Task item
Skip every picture. Print each line from the one containing "Gucci Horsebit 1955" through the end of the records below, word for word.

The input

━━━

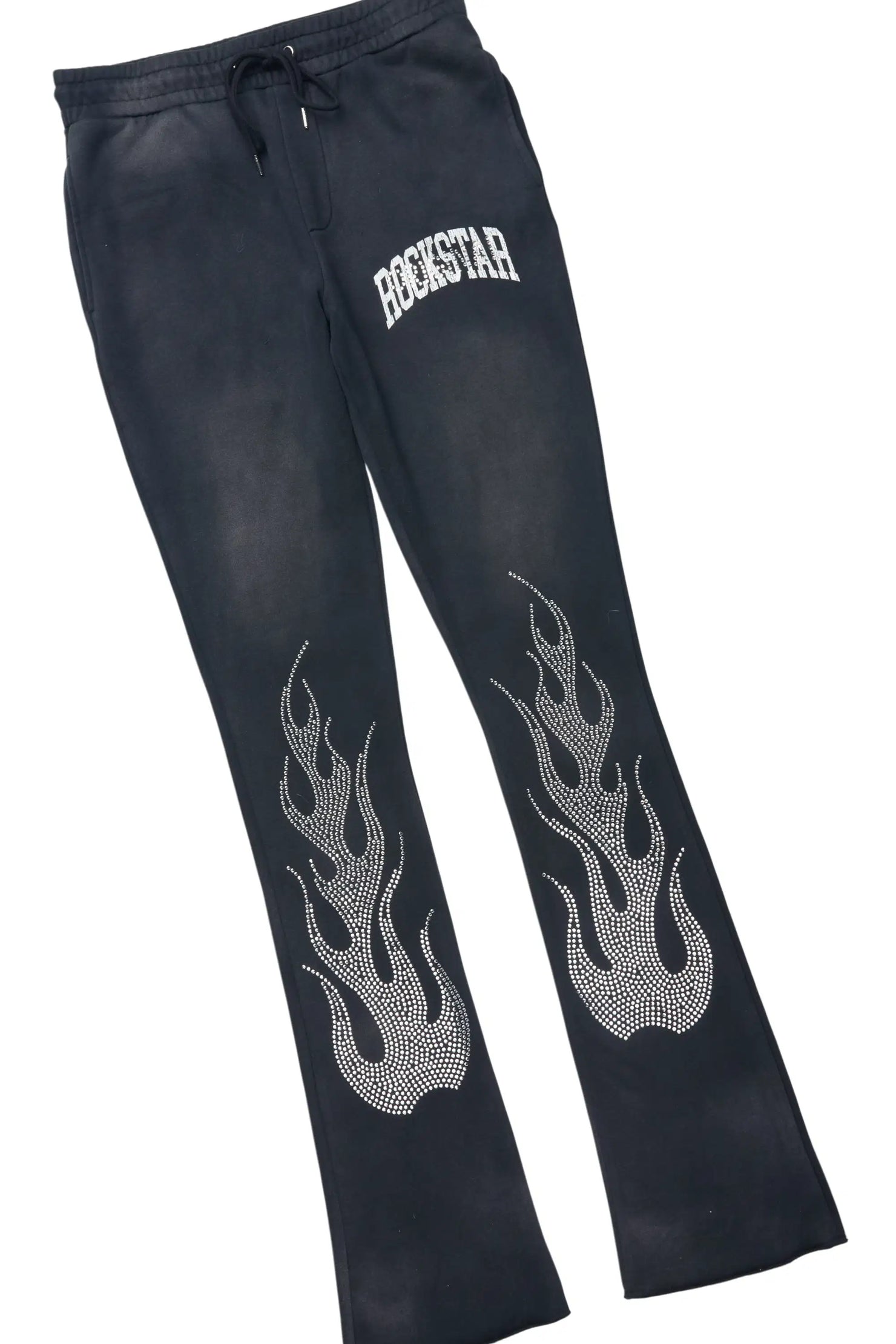 Strass Black Rhinestone Hoodie/Stacked Pant Track Set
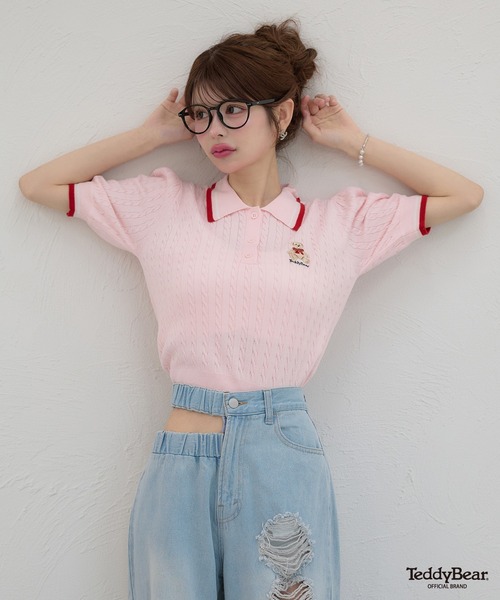 Ambre Neige(アンブルネージュ)の「bi-color polo knit / 配色ポロニット(ニット/セーター・レディース・ライトグリーン/オフホワイト/ピンク・FREE)」の9枚目の写真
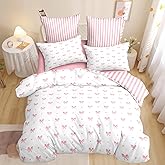 Sedefen Bow Comforter Set Full Size Pink Heart Cute Love Pattern Comforter Girls Kawaii Bowknot Striped Soft Lightweight Coquette Bedding Set 3 Pcs with 2 Pillowcases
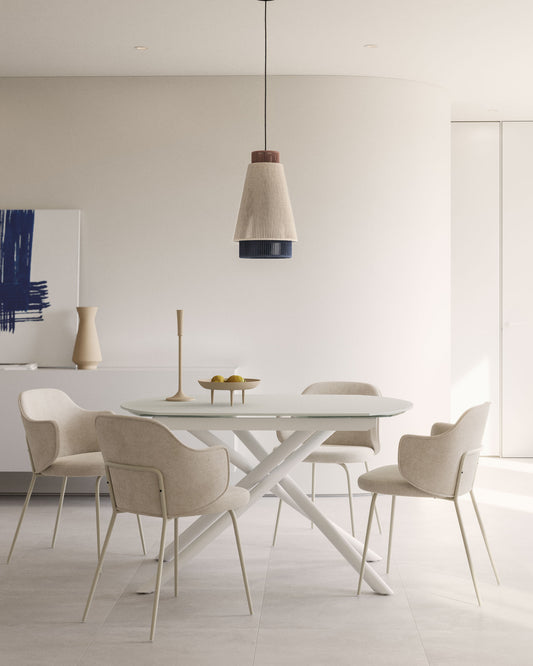 Table extensible Yodalia verre trempé et pieds en acier finition blanche 130 (190) x 100cm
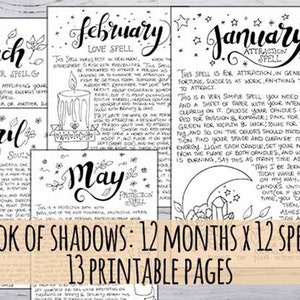Book of Shadows: 12 months x 12 spells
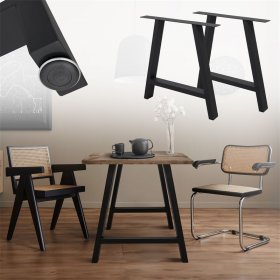 2x Tischkufen A-Form 70x72 cm Schwarz aus pulverbeschichtetem Stahl Tischgestell für Esstisch und Schreibtisch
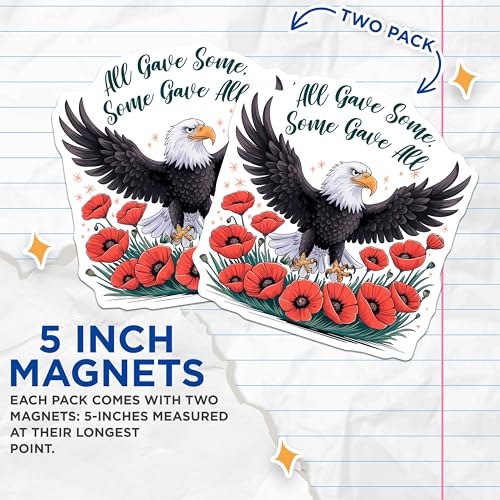 (2 Pack) Eagle Magnets Magnets - All Gave Some Some Gave All - Military Remembrance - 5" On Longest Side - Made in USA - Sticks to Refrigerators & Metal Surfaces - MAG8362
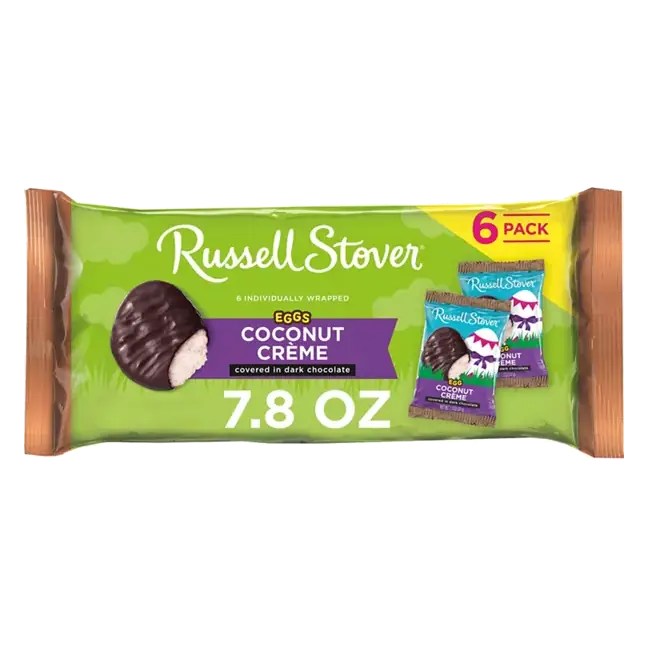 Easter Coconut Crème Dark Chocolate Candy Easter Eggs 6 pack
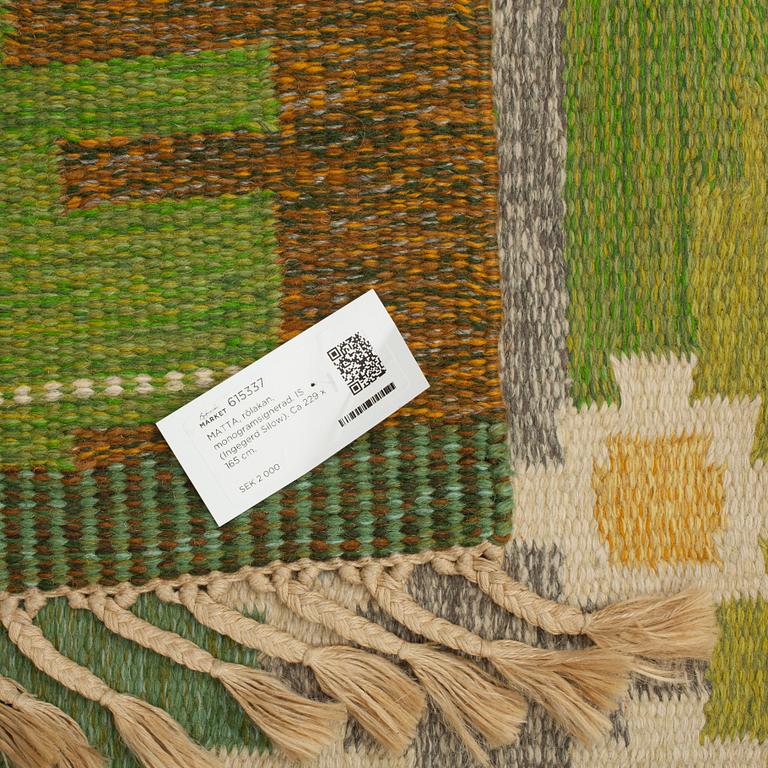 MATTA, rölakan, monogramsignerad, IS (Ingegerd Silow). Ca 229 x 165 cm.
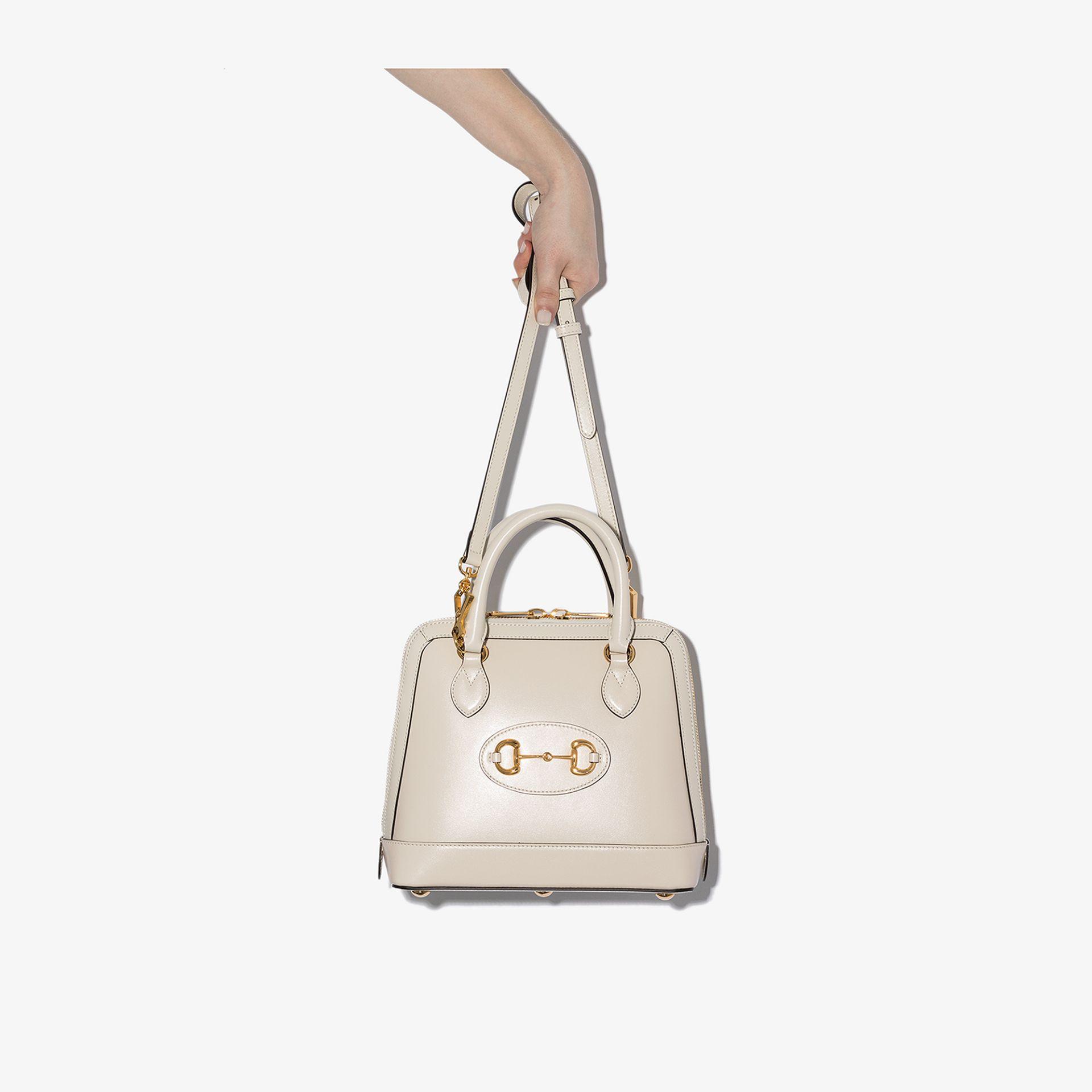 Gucci Horsebit 1955 Mini Top Handle Bag in White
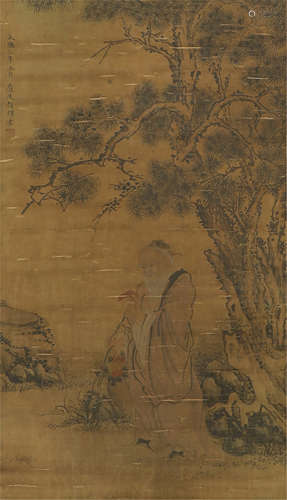 CHINESE SILK HANDSCROLL PAINTING OF YAN HUI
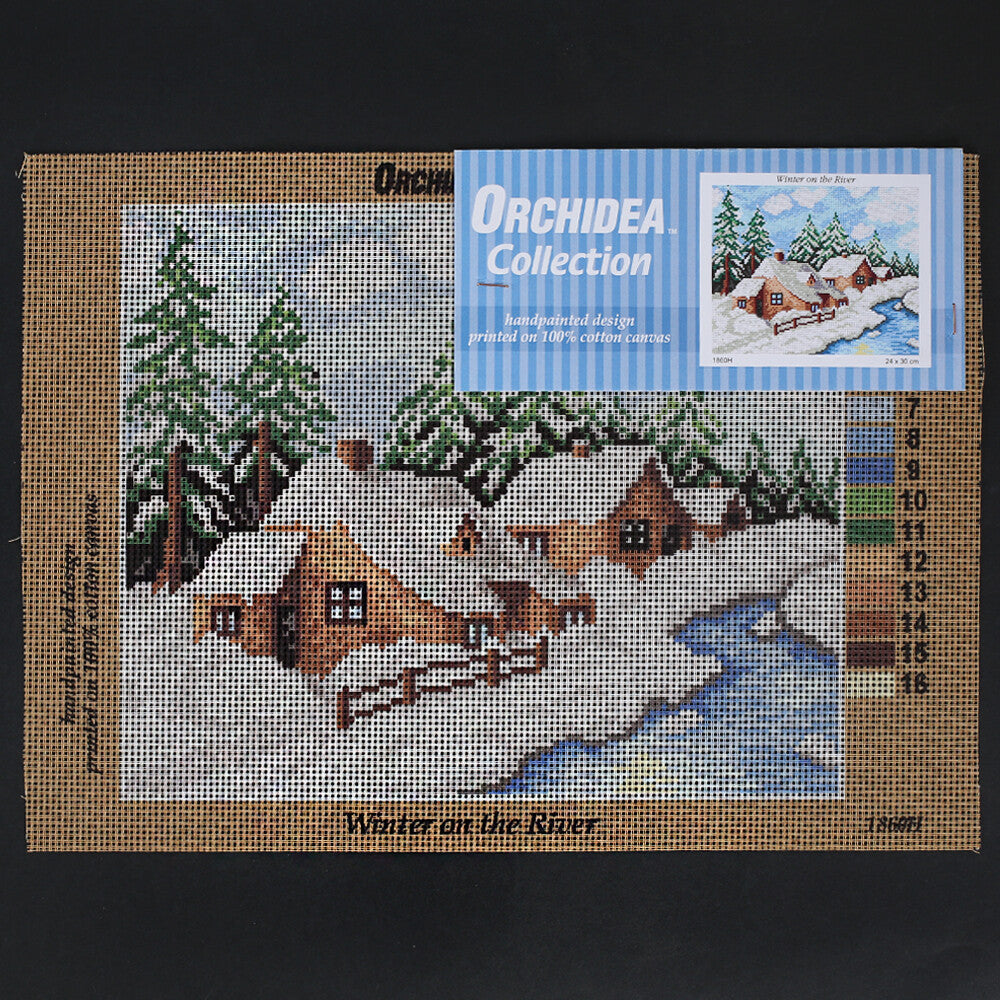 Orchidea 24x30 cm Winter On The River Printed Gobelin 1860H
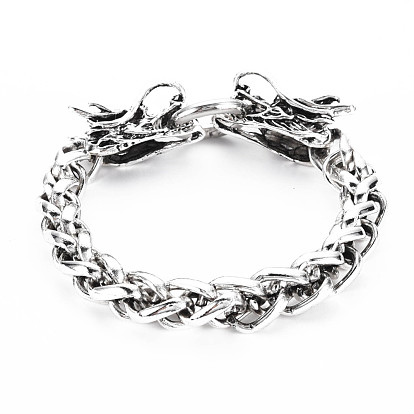 Men's Alloy Wheat Chain Bracelet, with Spring Gate Rings, Dragon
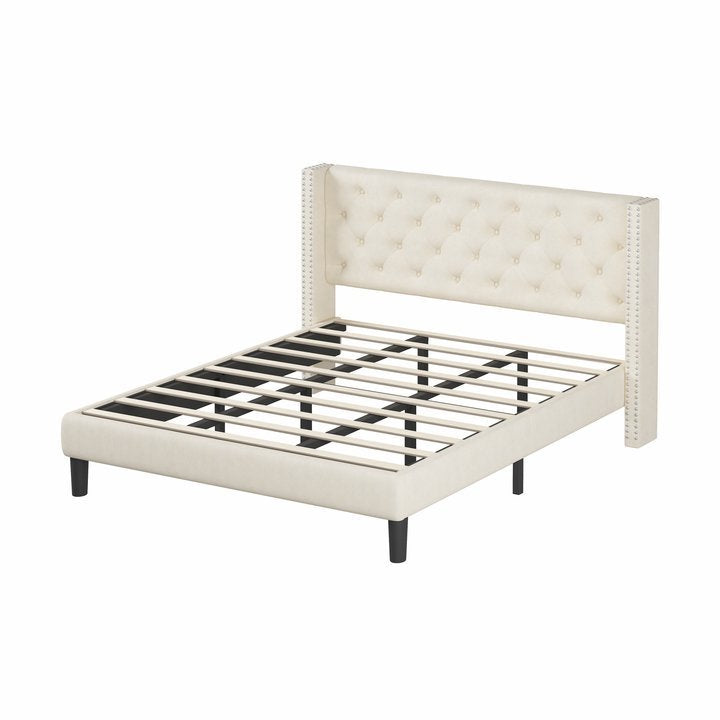 Voss King Size Platform Bed Frame - Beige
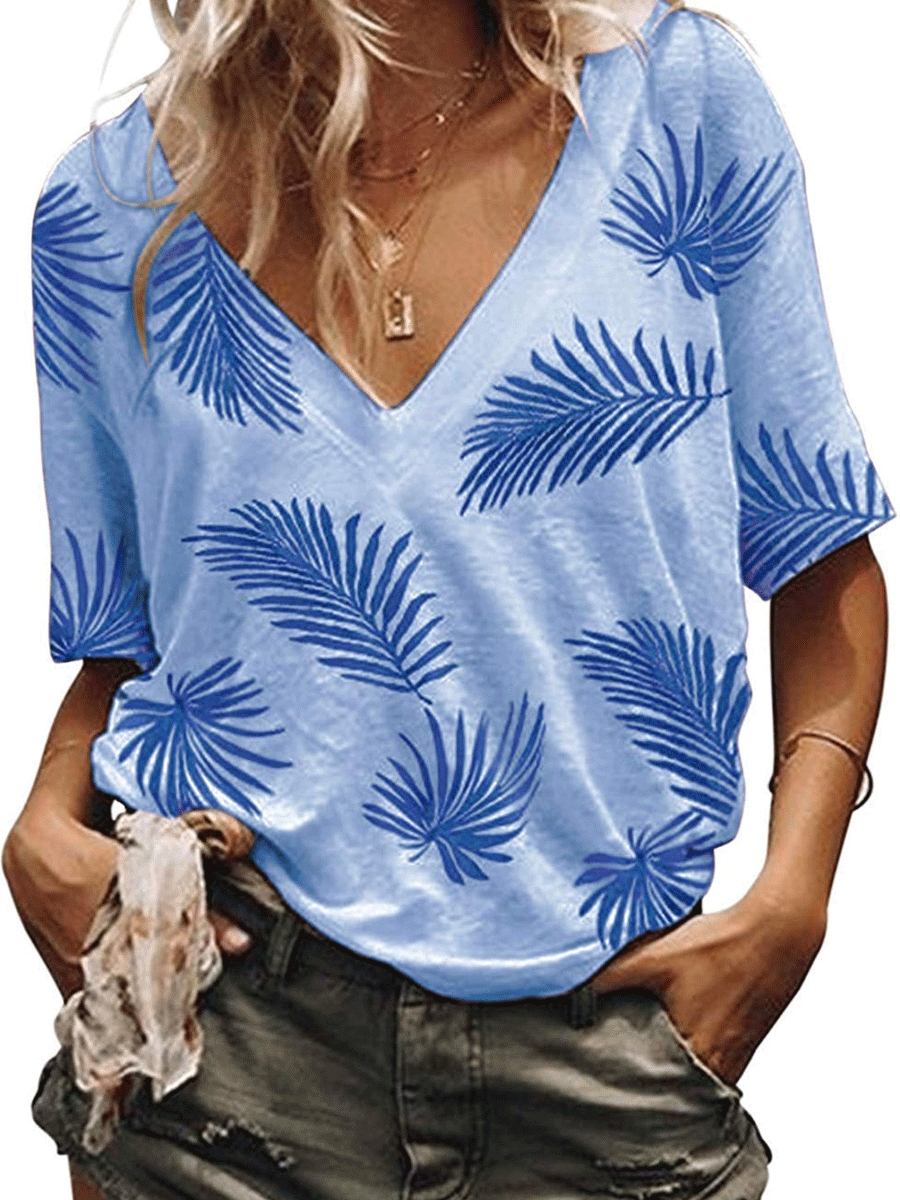 V-neck Loose Short Sleeve Leaf Print T-shirt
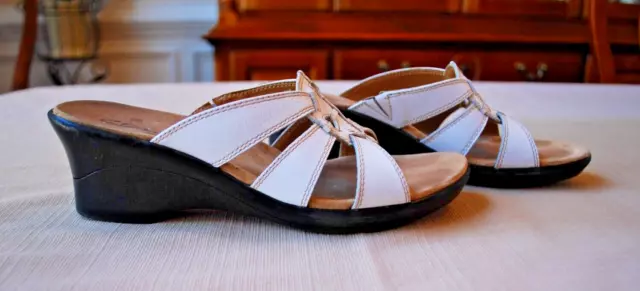 WOMENS CLARKS SLIDE Sandals wedge heel slip on White Leather size 6 $24 ...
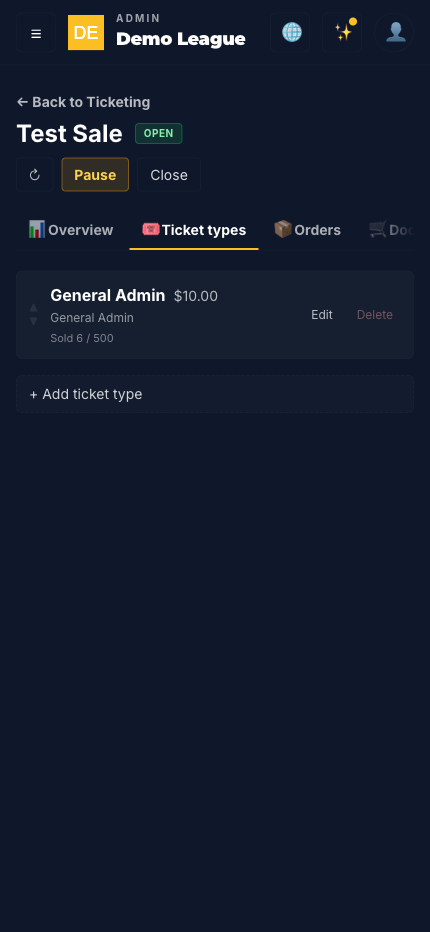 Ticket types tab with Adult, Student, and VIP tiers and editable price + capacity fields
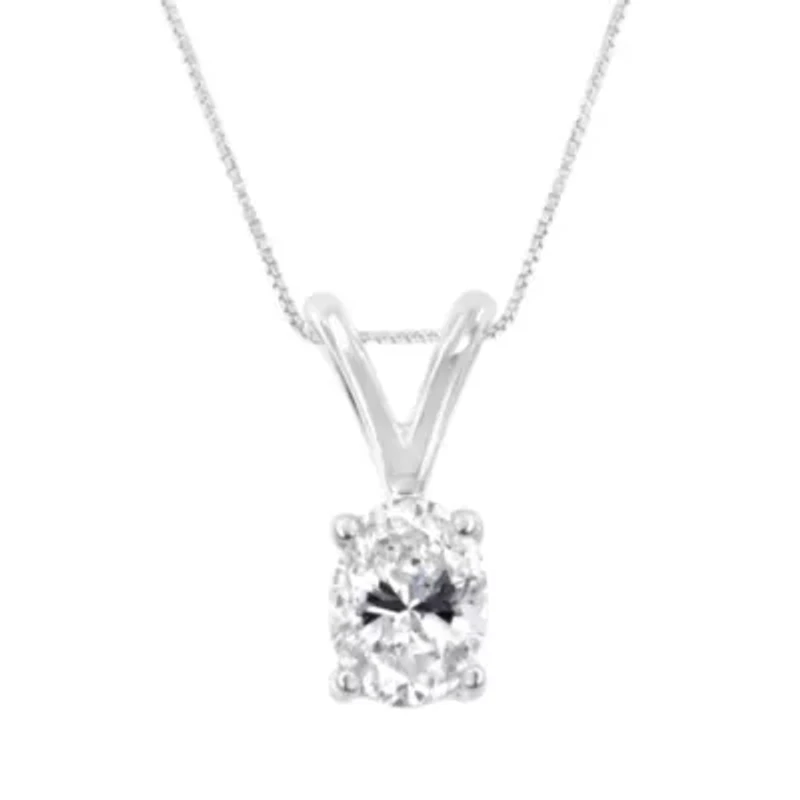 IGI Certified 10KT White Gold Diamond Oval Pendant Necklace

━━━

Solution for this problem
 Gucci Horsebit 1955 Mini Top Handle Bag in White
 CHINESE SILK HANDSCROLL PAINTING OF YAN HUI
 Orchidea 24x30 cm Winter On The River Printed Gobelin 1860H
 Men's Alloy Wheat Chain Bracelet, with Spring Gate Rings, Dragon
 Voss King Size Platform Bed Frame - Beige
 V-neck Loose Short Sleeve Leaf Print T-shirt
 WOMENS CLARKS SLIDE Sandals wedge heel slip on White Leather size 6 $24 ...
 Ticket types tab with Adult, Student, and VIP tiers and editable price + capacity fields
 IGI Certified 10KT White Gold Diamond Oval Pendant Necklace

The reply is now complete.